Er lächelt kurz. „Das sind zwei Fragen. Und deshalb suche ich mir die einfachere aus. Ich bin entkommen, als ihr das Portal geöffnet habt, um die Geister der Anacondrai zu befreien. Mal im Ernst, WENN ihr schon so ein Portal öffnet, dann solltet ihr wirklich darauf achtgeben, wer alles durch kommt."

Ich schweige. Er hat Recht. Da hätten noch viel schlimmere Wesen entkommen können.

„Okay, jetzt du."

Er überlegt kurz, dann fragt er: „Wo hast du gelebt, bevor du zu den Ninja gekommen bist?"

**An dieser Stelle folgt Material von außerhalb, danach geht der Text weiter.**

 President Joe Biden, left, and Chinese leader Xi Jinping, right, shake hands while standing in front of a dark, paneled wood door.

„Auf dem Internat für Dunkle Künste. Mein Vater hat mich dorthin geschickt, nachdem meine Mutter gestorben ist."

Morro nickt gedankenverloren. Dann sieht er mich an. „Nächste Frage."

Ich überlege, soll ich nochmal die von vorhin stellen? Nein, er hat gesagt die wäre kompliziert. Warum gehe ich nicht stattdessen auf Anfang?

„Wer waren deine Eltern?"

Er senkt den Kopf. „Ich weiß es nicht. Die ersten fünf Jahre meines Lebens habe ich auf der Straße verbracht, bis..."

„Bis was?"

Morro seufzt. „Also schön. Du willst wirklich meine gesamte Lebensgeschichte hören? Gut, ich erzähle sie dir, von Anfang an. Wie gesagt, ich habe auf der Straße gelebt, bis zu jenem Tag, als ich ihn zum ersten Mal gesehen habe."

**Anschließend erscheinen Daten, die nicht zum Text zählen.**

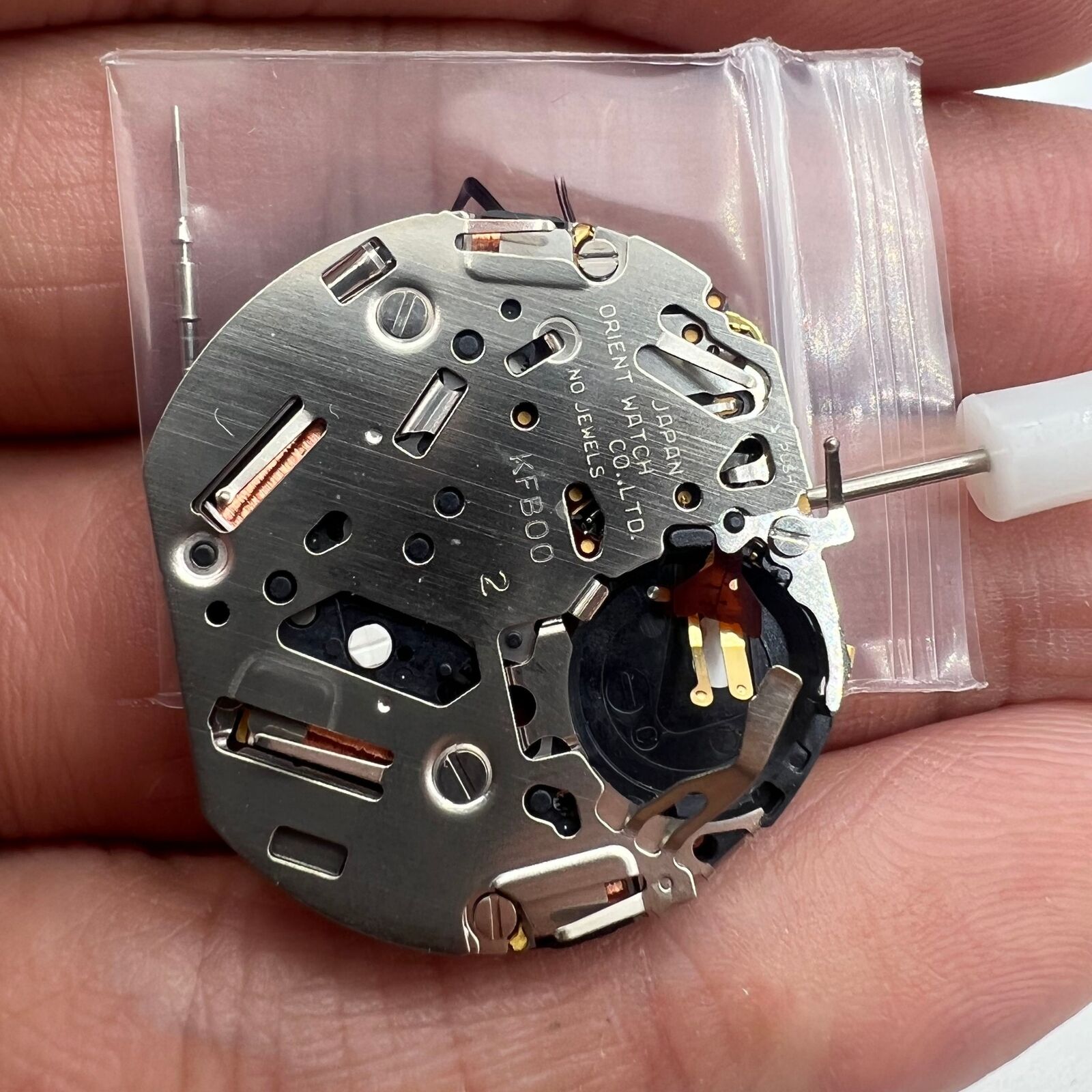 Orient KFB00 quartz watch movement with date window at 3 o'clock, Japan-made for precise replacements.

Ich versteckte mich hinter einem Marktstand und wartete. Wartete auf einen Kunden mit gut gefüllten Geldbeuteln.

Ich wollte nicht stehlen, aber ich musste. Um zu überleben. Meine Eltern hatten mich ausgesetzt als ich gerade mal ein paar Tage alt war. Eine Bande Straßenkinder hatte mich gefunden und aufgezogen, sie hatten mir alles beigebracht was ich wusste.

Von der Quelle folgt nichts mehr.